An integrated operational forecast system for coastal, fluvial, and pluvial flooding in the San Francisco Bay area

Liv Herdman1, Babak Tehranirad2, Cornelis Nederhoff III3, Li H Erikson4, Greg Pratt5, Michael Leon6 and Patrick Barnard4, (1)USGS New York Water Science Center, Coram, NY, United States, (2)USGS Pacific Coastal and Marine Science Center Santa Cruz, Santa Cruz, CA, United States, (3)Deltares, Delft, Netherlands, (4)USGS, Santa Cruz, CA, United States, (5)NOAA Earth System Research Laboratory, Global Systems Division, Boulder, CO, United States, (6)NOAA Earth System Research Laboratory, CO, United States
Accurate and timely flood and precipitation information is critical for making emergency-response decisions regarding public safety, infrastructure operations, and resource allocation. Accordingly, the California Department of Water Resources has funded the development of a state-of-the-art Advanced Quantitative Precipitation Information (AQPI) system to provide near-term precipitation and flooding forecasts using an integrated observation and modeling framework for the San Francisco Bay area. The main goals of this collaborative project are to detect and track storms, nowcast high-resolution precipitation with cutting-edge radar technology, and forecast watershed and coastal flooding up to 72 hours in advance.
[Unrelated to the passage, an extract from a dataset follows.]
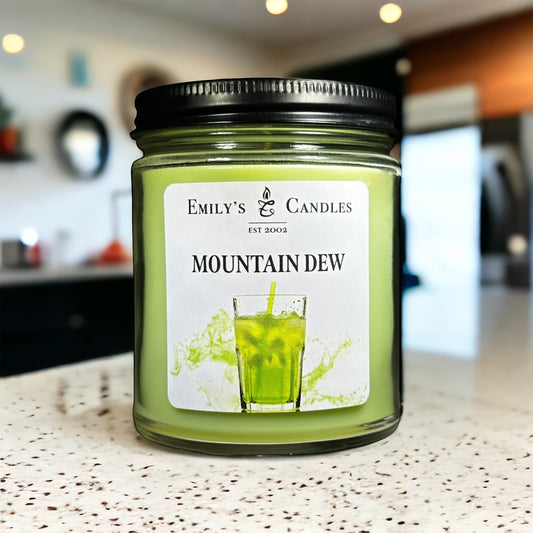 9 Oz Soy Candle Mountain Dew Scent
This regional project is primarily a collaboration between National Oceanic and Atmospheric Administration (NOAA), and United States Geological Survey (USGS), supported with other local partners. This presentation will focus on the most downstream model in the AQPI framework, which is based on the USGS’s Coastal Storm Modeling System (CoSMoS: CoSMoS is a physics-based numerical modeling system for assessing coastal hazards from the combined effects of tides, rivers, storm surge, and waves. In particular, the USGS is using the Delft3D-Flexible Mesh Suite, developed by Deltares, that enables 1D/2D coupling and efficient and reliable modeling. As part of AQPI, CoSMoS incorporates the nowcast precipitation, winds, and pressure from the NOAA’s High-Resolution Rapid Refresh (HRRR) atmospheric model, as well as fluvial discharges from the NOAA’s watershed model (National Water Model). The coupled model forecasts the start, duration, and maximum water depth of flooding for areas in the zone of coastal influence within the nine counties that comprise the San Francisco Bay area. By integrating this complex set of models and incorporating the best possible observations to create operational forecasts, the AQPI system represents the next generation of forecasting frameworks and will provide demonstrable benefits in the face of hazardous flood conditions to communities across the bay.